Logic tells us that the first thing to do should be to get people with these abilities and then adopt these new working methods. However, as there is evidence of the power methods and systems have to transform employee behavior, I wonder if experiencing these new ways of working could provoke in employees that sense of urgency and that orientation to learning employers often miss. In other words, I wonder if these ‘new ways of working’ could function as a ‘burning platform’ that moves those workers to action.

Consider, for example, the possibility that employees work on projects where they have to collaborate with freelancers or other external experts. Perhaps they would realize how much these professionals invest in their training and learning. (The Freelance Forward 2020 report prepared by UpWork and Edelman reveals that, on average, 59% of freelancers have participated in training and professional updating actions in the last six months, compared to 36% of employed workers). And perhaps they would also realize to what extent these freelancers increasingly represent serious competition for them.

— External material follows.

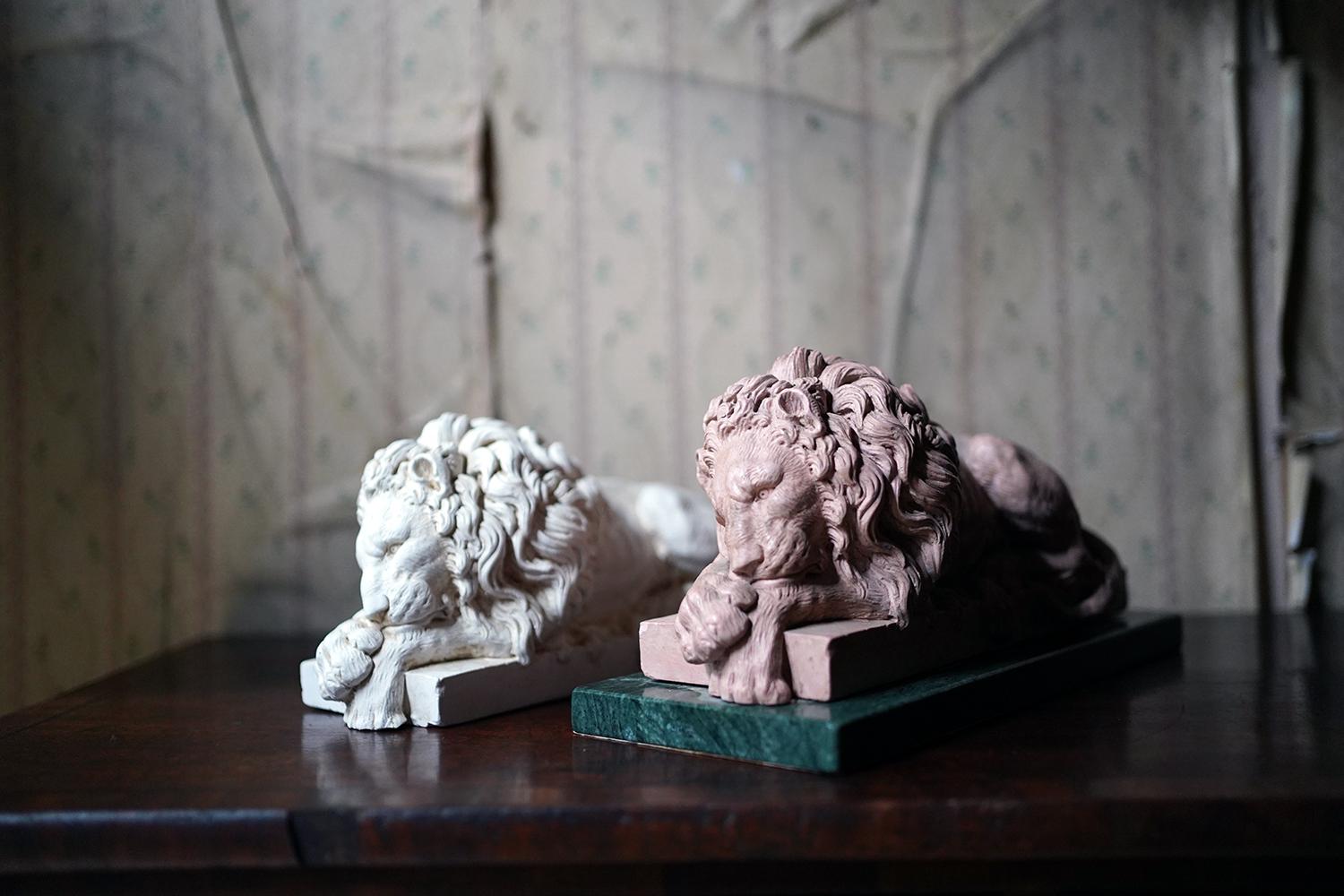 After Antonio Canova (1757 - 1822), the well-proportioned and crisply cast plaster models of recumbent lions, both sleeping, one finished in terracotta and raised on a serpentine marble plinth, the other in plain plaster, and both surviving from the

Consider, for example, the company decides to implement an internal talent market. That is a platform where the company’s demand for capacities (projects that require specific skills and offer specific development opportunities) meets the interests, knowledge, and skill sets of people who seek to manage their career and develop professionally. In some way, it would lead employees to experience a supply-demand dynamic similar to that experienced by those freelancers we talked about before, for whom continuous learning is a matter of competitiveness in the market of talent.

Consider, for example, the company goes one step further and decides to foster a culture of freedom and responsibility. Imagine that, as Netflix does, the company decides to establish the ‘keeper test’ by which every person in charge of a team must periodically ask themself: “For which of the people on my team, if they received an offer from the competition, would I be willing to fight to stay?”. So, team members who do not pass this “test” are invited to leave the company…

Consider what would happen if we did all this in our company. Would we get people in our organization to realize how fast and deep the world of work is changing and how important it is they never stop learning?